◆ **What is required**: Begin at the line containing "Chicago, IL 60631" and restate it and each line after it exactly, up to and including the last line below. Leave pictures out.

◆ **Supplied data**:
......

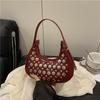 Bolso de Hombro Nuevo de Primavera Simple y de Moda Europeo y Americano 2025 con Remaches de Lunares Únicos y Modernos, Bolso de Mano para Mujer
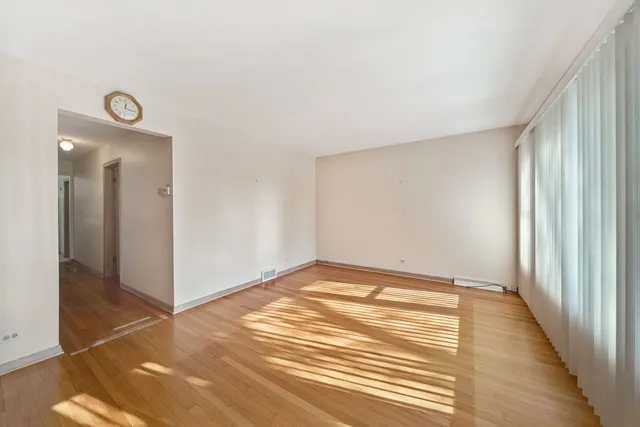 $379,900 | 7230 West Greenleaf Avenue, Chicago, IL 60631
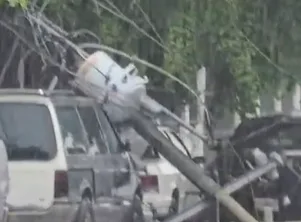 Lluvias derriban poste de la CFE y aplastan vehículos en Cancún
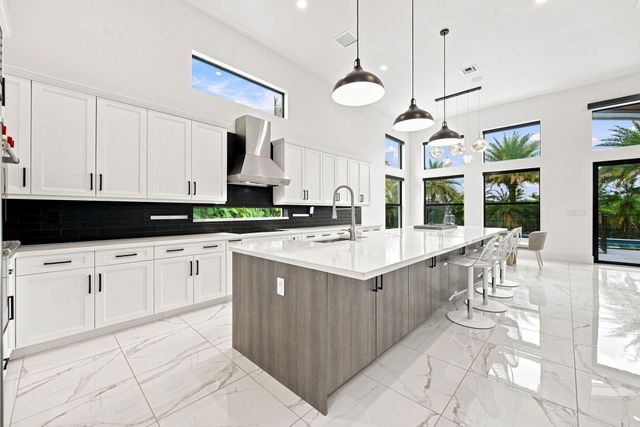 6924 N STILLWATER SHORES Drive, Davie, FL 33314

......

◆ **Reply to the exercise**:
 $379,900 | 7230 West Greenleaf Avenue, Chicago, IL 60631
 Lluvias derriban poste de la CFE y aplastan vehículos en Cancún
 6924 N STILLWATER SHORES Drive, Davie, FL 33314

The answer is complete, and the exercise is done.